Forty years later, I also inherited my mum’s deafness – although mine has been accelerated, and deepened, by other medical issues. After a lifetime of singing, playing, composing, conducting, listening… in some ways the loss of music was worse than the main disability which accompanied it. I felt bereft, and grieved for a very long time. Even the ‘familiar’ works on my music server (which has over 20,000 tracks on it – ranging from plainchant to punk; serialism to soul) could not console me. For several years, music was something I accidentally bumped into; never actively sought out; and always came away from more disappointed than before.

When I obtained my first hearing aids (properly called hearing ‘instruments’), a very talented and patient audiologist spent an afternoon with me at home cycling through some of those many pieces, in many different genres, adjusting these little life-savers over and over again until one of their four programmes was specifically set up for listening to music. However, not all harmonies are born equal – there is a reason iPods come with so many equalizer settings, I discovered – and, eventually, I realized that I needed to know the music note for note (often helped by a score resting on my lap) for it to make ‘sense’ to me. It also helped if the composition was sparsely scored. (Thank goodness for chamber music – especially Bartók’s magnificent six string quartets – which I now have so many different recordings of, I have lost count!)

As my hearing rapidly worsened, the technology could not keep pace. Concerts were always painful – and listening to the piano (my own instrument) always sounded especially dissonant: the clash of harmonics confusing the processing of both my digital hearing aids and my analogue brain.

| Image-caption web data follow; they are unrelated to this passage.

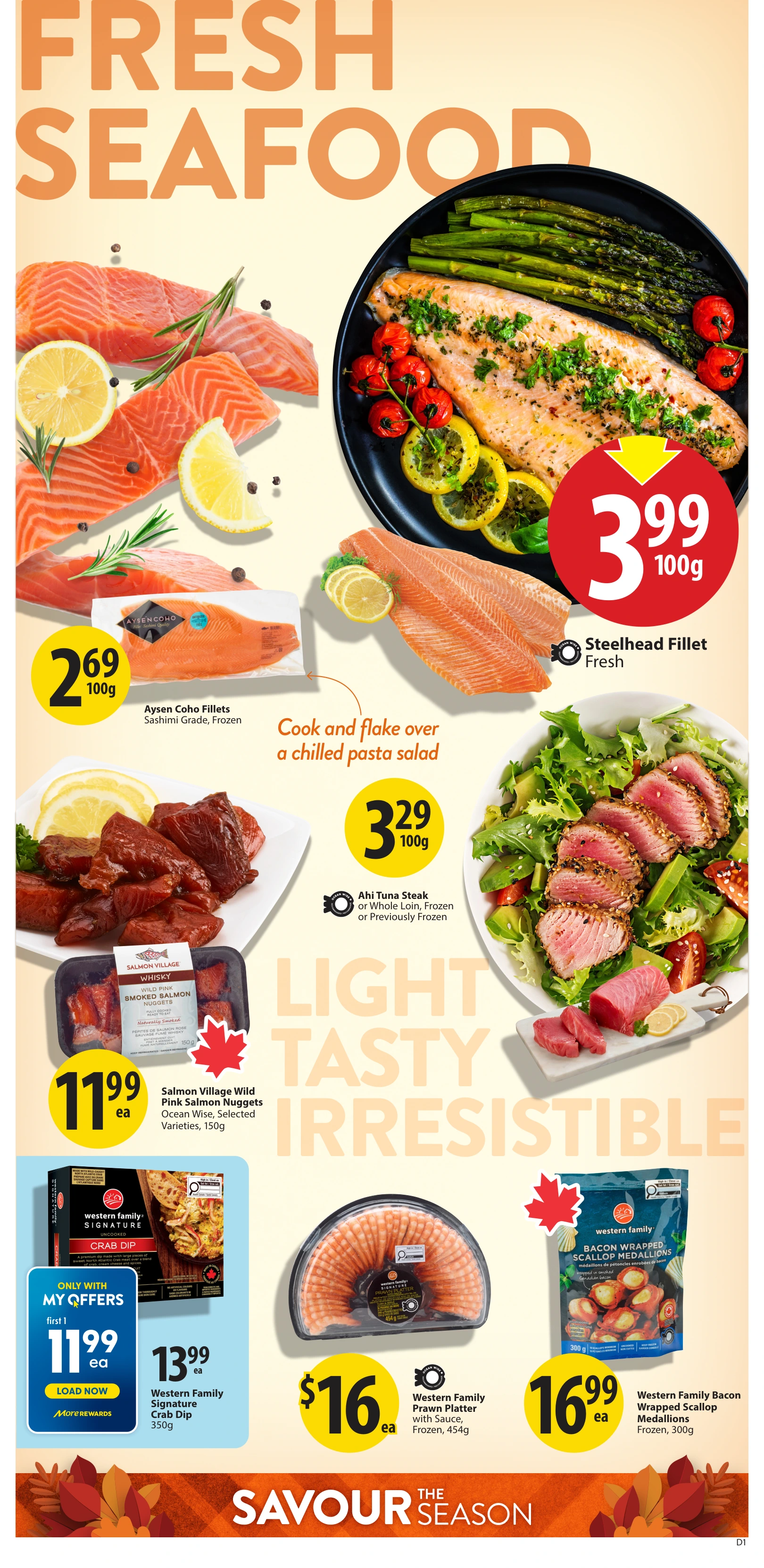 Save on Foods Flyer - Page 14
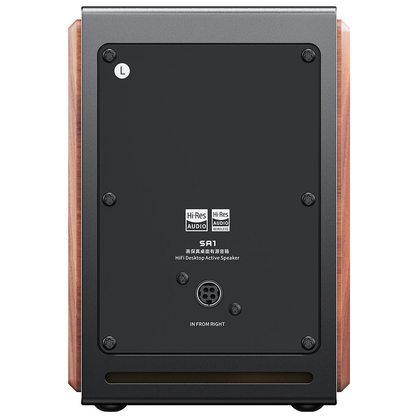 Стационарная колонка FiiO SA1 Cloud (черный/коричневый)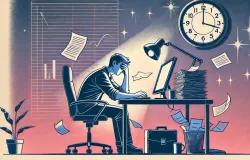 Levantamento aponta que mais de 40% dos trabalhadores brasileiros enfrentam problemas de sono e sade mental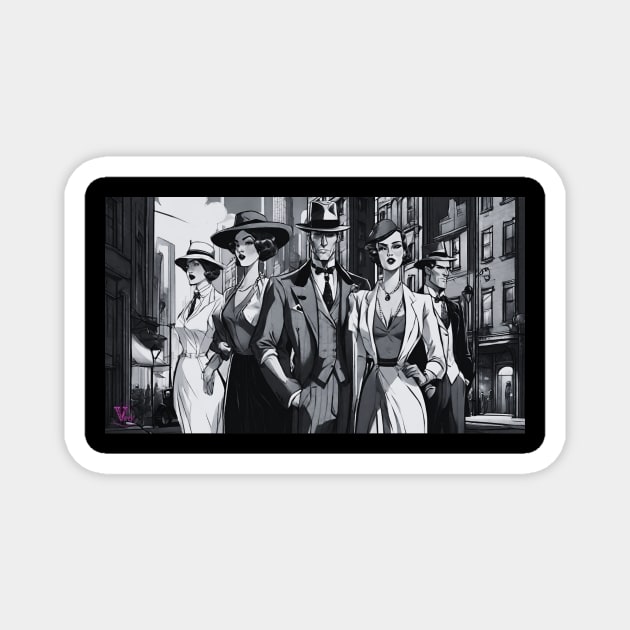 black and white movie Magnet by Viper Unconvetional Concept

However, I kept reading about improvements to hearing technology; and, as my first set of ‘instruments’ were no longer powerful enough, late last year I was granted a new pair. Initial technical and customer care problems rendered them almost uselessalmost useless. However, thanks to another thoughtful audiologist, I am now progressing well on my return to the musical world, with a much wider and deeper soundscape. (It takes a while to get the fine-tuning right with these things: but I feel that I am more than halfway back to the best the sound can be for me. And what we have achieved is already a massive leap forward.)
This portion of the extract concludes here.